James Murdoch has urged 21st Century Fox’s takeover of Sky to not be the victim of regulation, stressing the importance of business to a post-Brexit UK.
Speaking at the RTS Cambridge Convention yesterday, the 21st Century Fox CEO delivered a talk based around the theme of ‘the challenges of a shifting media landscape’ in which he highlighted the importance of scale in today’s media business.
Speaking after the government confirmed that the planned £18.5 billion (US$25 billion) Sky takeover would be referred to the Competition and Markets Authority on the grounds of both broadcasting standards and media plurality, he also claimed the deal could bring economic benefits to the country.
“Inward investment in the UK creative economy, and the positive signal it sends to companies around the world, is more important than ever as the UK prepares to chart a course outside the EU,” said Murdoch.
He claimed the “soft power” of the UK’s creative industry would be “a big part of that story” ahead of Britain’s April 2019 divorce from European Union.
“If the UK truly is ‘open for business’ post-Brexit, we look forward to moving through the regulatory review process and this transformative transaction for the UK creative sector becoming an affirmation of that claim,” he added.
“We’re eager to provide Sky with access to the resources, reach, and creative sparks needed to keep pace against a new breed of competitors that now include some of the largest companies in the world, but none of whom have the local depth of investment and commitment to the UK and to Europe.”
Murdoch used his RTS speech to stress Sky and Fox’s past achievements, but added: “We will still need the freedom to take risks and the strength to compete that only comes from global scale.”
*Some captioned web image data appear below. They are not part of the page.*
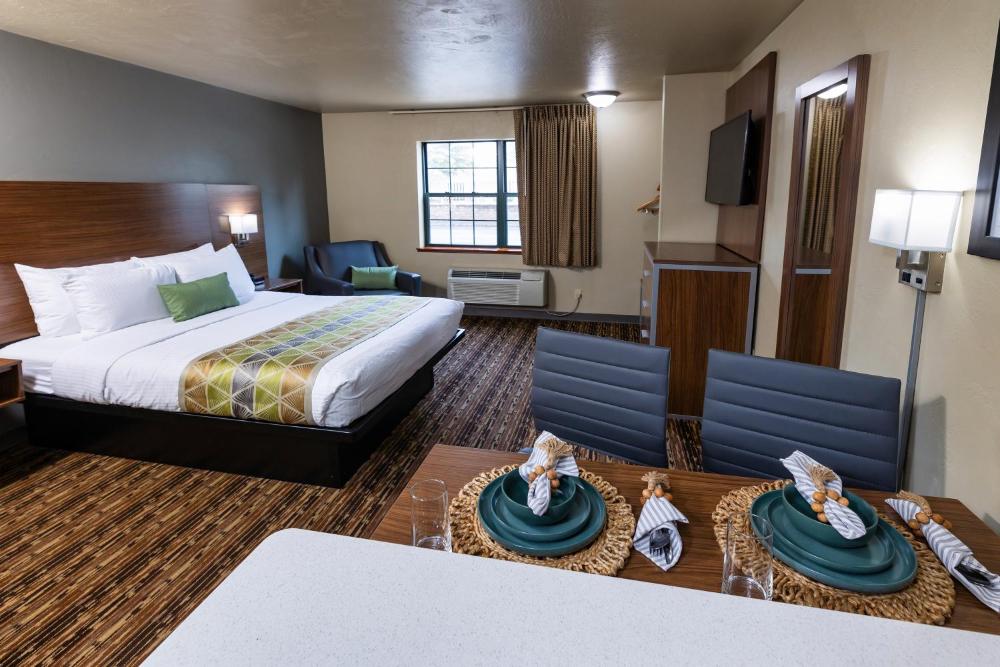Queen Room interior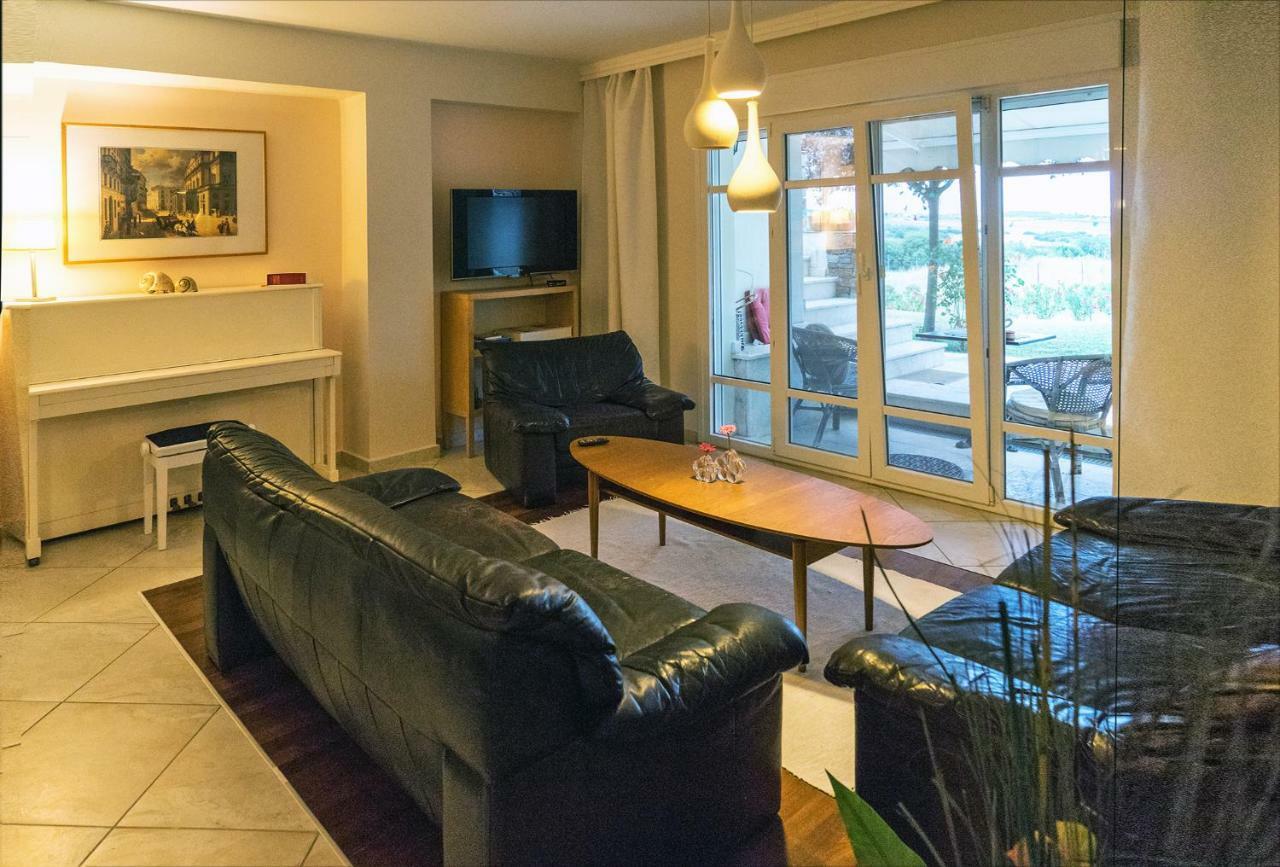 Lovely Apartm.Near Airport Kardiá Eksteriør bilde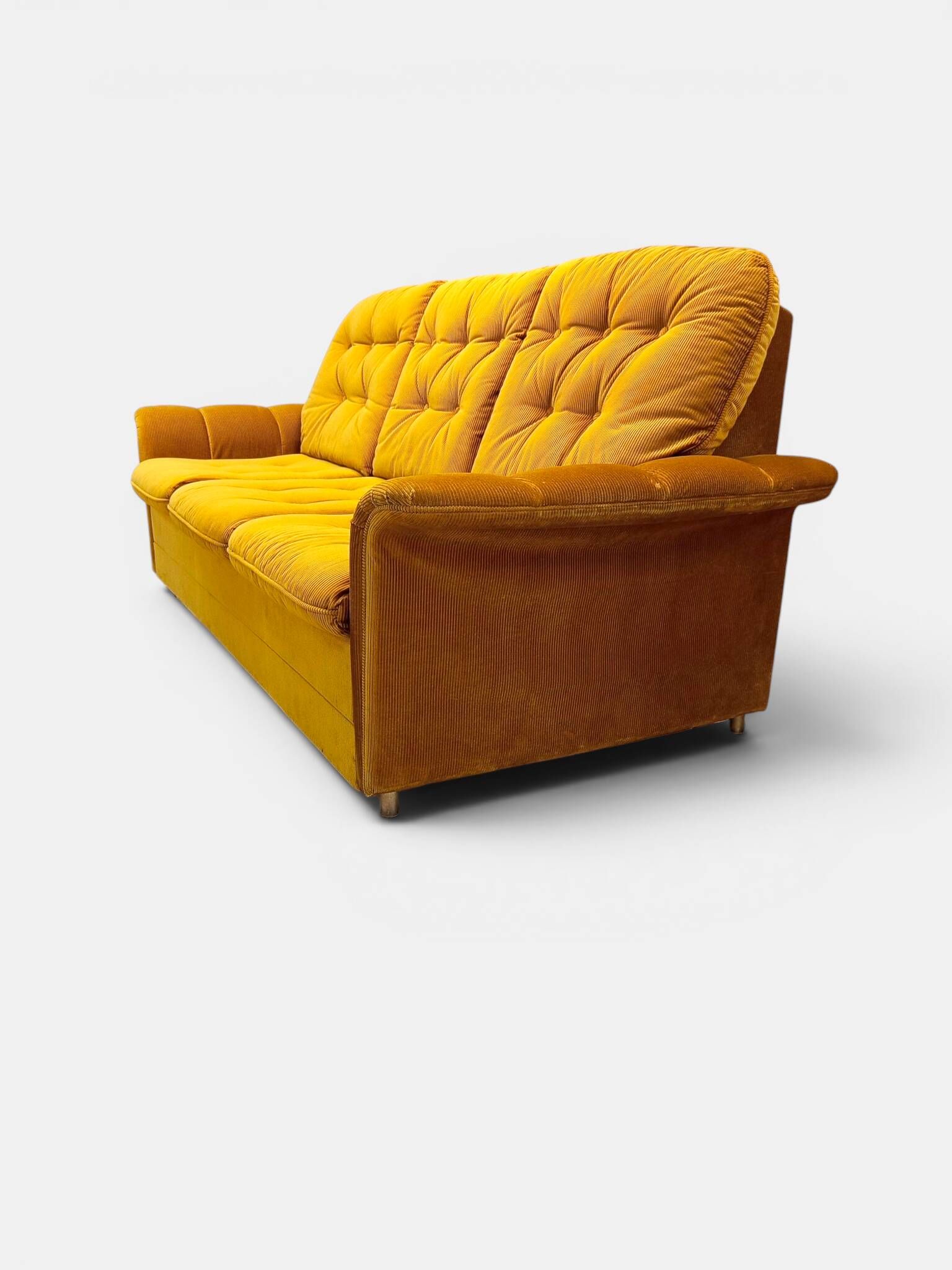 Vintage lounge set for 5, 3-seater convertible sofa and 2 armchairs, 70s.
“Scale provides the confidence to invest strategically, take risks, and support the development of new technologies and innovation – critical attributes in this dynamic period.”
Earlier in the day, Sky said it would continue to engage constructively in the process as the Competition and Markets Authority takes six months to investigate the Sky-Fox merger.
At the end of that 24-week period, culture secretary Karen Bradley will come to a final decision on whether the merger will proceed, including any conditions that should apply in order for it to do so.